Contained within today's chapters from Leviticus lies the origins of the concept we know today as scapegoat. "When Aaron finishes making atonement for the Holy of Holies, the Tent of Meeting, and the Altar," the passage explains, "he will bring up the live goat, lay both hands on the live goat's head, and confess all the iniquities of the People of Israel, all their acts of rebellion, all their sins. He will put all the sins on the goat's head and send it off into the wilderness, led out by a man standing by and ready. The goat will carry all their iniquities to an empty wasteland; the man will let him loose out there in the wilderness."

Some folks might listen to this verbiage and say, "What a strange and unusual concept for a primitive people to practice!"

I don't think the concept itself is all that strange and unusual. And I definitely don't think the practice is all that primitive. I say that because here in the United States we have a similar practice in which we engage. The only difference between the way we and the early Israelites engage in the practice is that we don't use a goat – we use our elected officials to serve as our scapegoats.

Every so often, we gather in voting booths; assign blame; and then send the designated scapegoats off into the wilderness in hopes that the act will absolve us collectively of our responsibility for the problems we are facing. We hope the next batch of elected officials will meet our expectations. When they don't, we simply repeat the cycle all over again just 2 years later.

Lost in the process of sending out the goat/elected officials into the wilderness is important soul searching about the ways in which we have contributed to the problems we face.

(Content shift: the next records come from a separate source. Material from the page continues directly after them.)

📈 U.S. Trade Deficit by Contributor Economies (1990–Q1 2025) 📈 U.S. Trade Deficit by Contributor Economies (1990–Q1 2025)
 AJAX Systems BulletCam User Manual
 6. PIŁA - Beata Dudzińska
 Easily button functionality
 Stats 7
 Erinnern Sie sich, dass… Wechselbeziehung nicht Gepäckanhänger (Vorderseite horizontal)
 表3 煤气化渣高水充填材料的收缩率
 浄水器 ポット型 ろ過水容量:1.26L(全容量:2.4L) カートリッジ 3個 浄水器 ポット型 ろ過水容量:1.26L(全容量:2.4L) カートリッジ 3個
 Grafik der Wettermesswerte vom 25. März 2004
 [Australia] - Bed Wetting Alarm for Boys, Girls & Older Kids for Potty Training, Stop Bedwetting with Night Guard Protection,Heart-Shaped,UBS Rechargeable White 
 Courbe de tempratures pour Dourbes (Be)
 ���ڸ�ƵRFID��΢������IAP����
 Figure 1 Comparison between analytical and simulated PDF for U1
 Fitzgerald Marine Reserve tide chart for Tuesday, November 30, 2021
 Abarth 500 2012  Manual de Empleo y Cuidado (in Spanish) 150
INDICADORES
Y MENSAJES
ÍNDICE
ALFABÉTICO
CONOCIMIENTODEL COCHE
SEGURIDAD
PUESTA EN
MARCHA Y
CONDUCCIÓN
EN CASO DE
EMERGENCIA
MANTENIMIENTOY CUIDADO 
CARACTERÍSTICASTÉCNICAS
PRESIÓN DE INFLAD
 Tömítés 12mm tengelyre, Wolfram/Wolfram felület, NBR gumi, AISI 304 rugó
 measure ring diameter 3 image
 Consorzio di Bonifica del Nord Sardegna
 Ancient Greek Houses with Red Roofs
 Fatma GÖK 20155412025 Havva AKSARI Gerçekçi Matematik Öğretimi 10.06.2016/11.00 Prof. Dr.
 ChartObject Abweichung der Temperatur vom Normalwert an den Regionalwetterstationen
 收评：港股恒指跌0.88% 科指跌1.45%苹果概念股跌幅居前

Today, I would invite us all to examine the circumstances of our lives (and the condition of our world) and ask ourselves, "Are there situations in which I have preferred to identify a single scapegoat on which to heep the blame in order to absolve myself of all responsibility?" If you find such a situation, use that awareness as an opportunity to step in and break the cycle of blaming. See what you can do yourself to restore health and vitality to the systems in which you participate.